French Polynesia's ruling party has lashed out at a former president Gaston Flosse after his party decided to align itself with Nicolas Sarkozy and his bid to regain the French presidency next year.
In a statement, the Tapura Huiraatira said this amounted to a total u-turn because the Tahoeraa Congress had earlier ruled out backing Mr Sarkozy but instead opted to support his rival Alain Juppe.
The Tapura has likened the change to the surprise alliance in 2007 when Flosse sided with his former opponents.
It wonders what deal was struck between Flosse and Mr Sarkozy and whether it relates to the French National Assembly election which both the Tapura and the Tahoeraa are poised to contest in Tahiti.
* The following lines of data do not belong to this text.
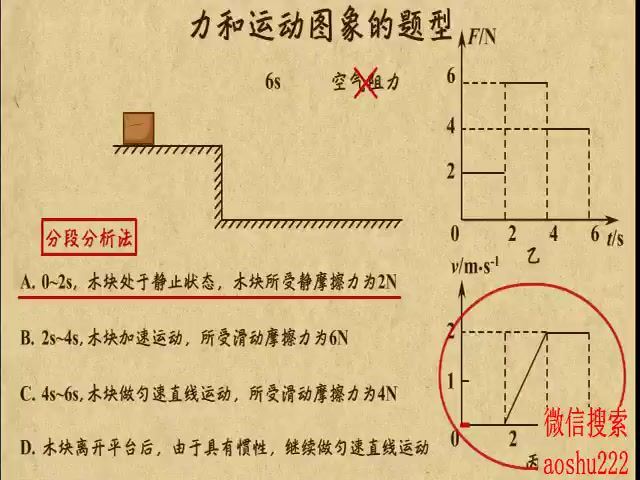 中考物理专题-能力提升，网盘下载(167.93M)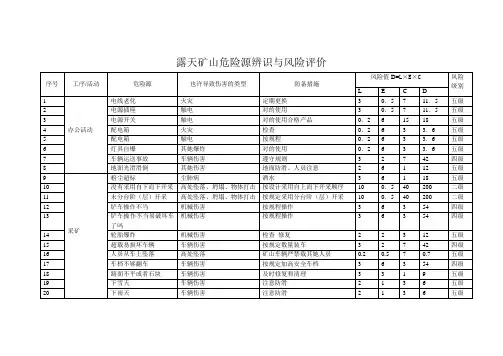 露天矿山危险源辨识与风险评价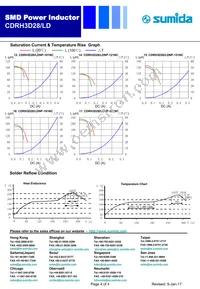 CDRH3D28/LDNP-820NC Datasheet Page 4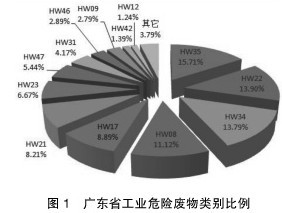 皮革廢棄物的應用,皮革廢棄物的應用與全面設計解析策略_進階版,快捷問題處理方案_超值版66.14.94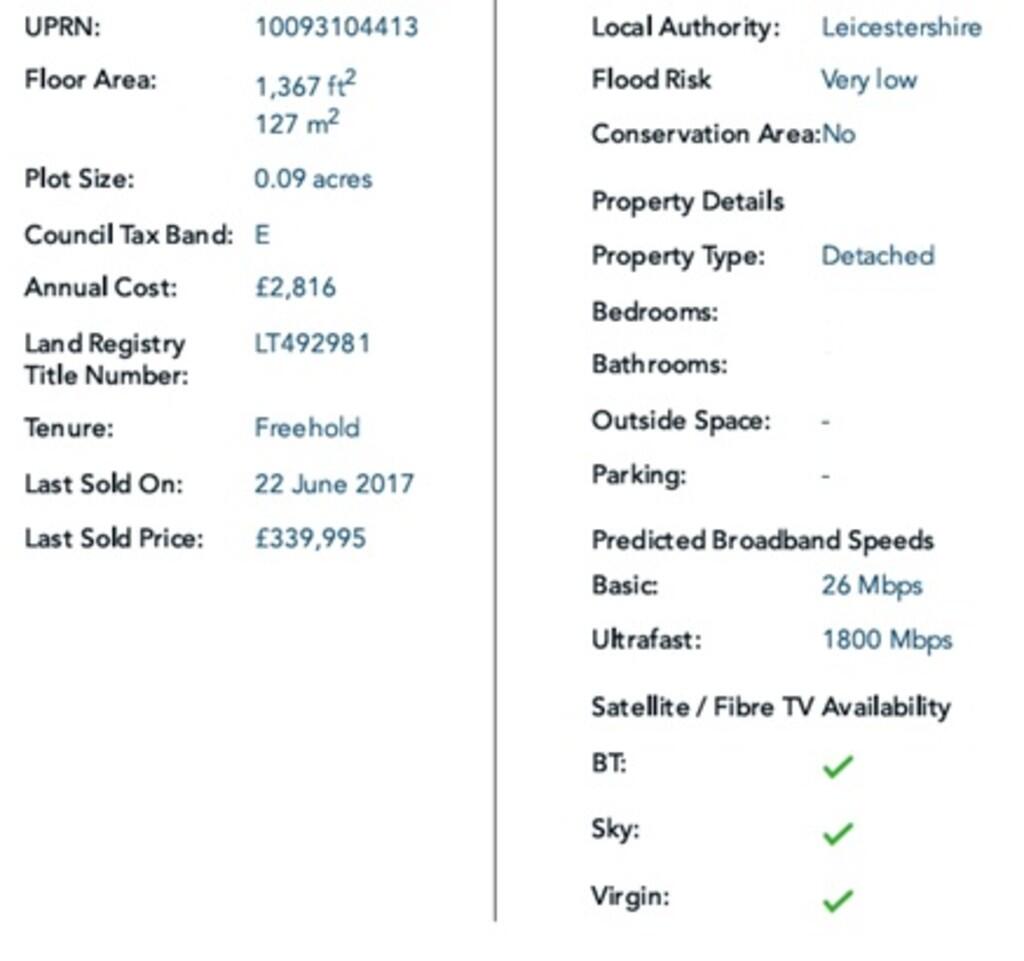 OV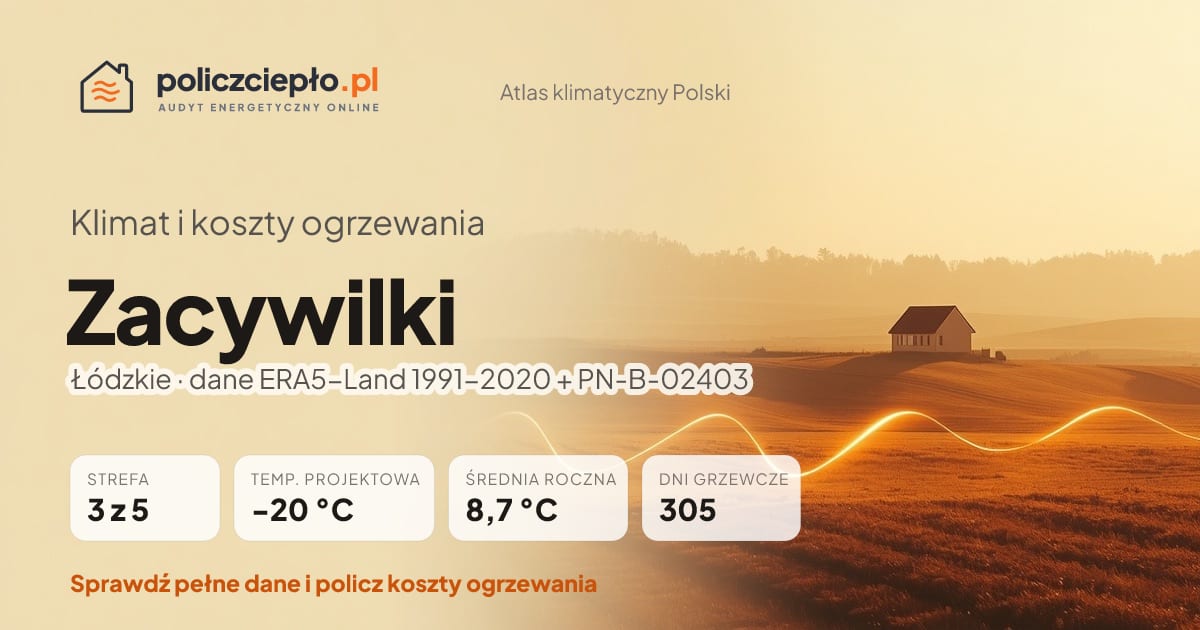 Klimat Zacywilki (Łódzkie) - infografika: strefa klimatyczna 3, temperatura projektowa -20 °C, średnia roczna 8.7 °C, 305 dni grzewczych rocznie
The Tapura suggests there may be a link to Flosse's criminal convictions and his failure to secure a presidential pardon two years ago when he was forced to leave public office.
Temaru revisits Fritch's UN speech
Meanwhile, French Polynesia's pro-independence camp has accused the president Edouard Fritch of misleading the international community by purporting to speak on behalf of the Polynesian people.
The claim was made at a news conference in Tahiti following presentations by Mr Fritch and several pro-independence speakers at the decolonisation debate at the United Nations in New York earlier this month.
In his address, Mr Fritch said the pro-independence movement in French Polynesia had never been a majority movement.
Pro-independence leader Oscar Temaru said the French constitution had been amended to take away the term 'overseas people' to replace it with the term 'overseas population'.
Mr Temaru said only independent countries were made up of peoples.
He also said Mr Fritch travelled the Pacific with his former leader Gaston Flosse for years to say the French nuclear weapons tests were clean but now everybody knew that French Polynesians were France's guinea pigs for 30 years.
France is firmly opposed to French Polynesia's decolonisation and has described the UN's re-listing of its territory as interference.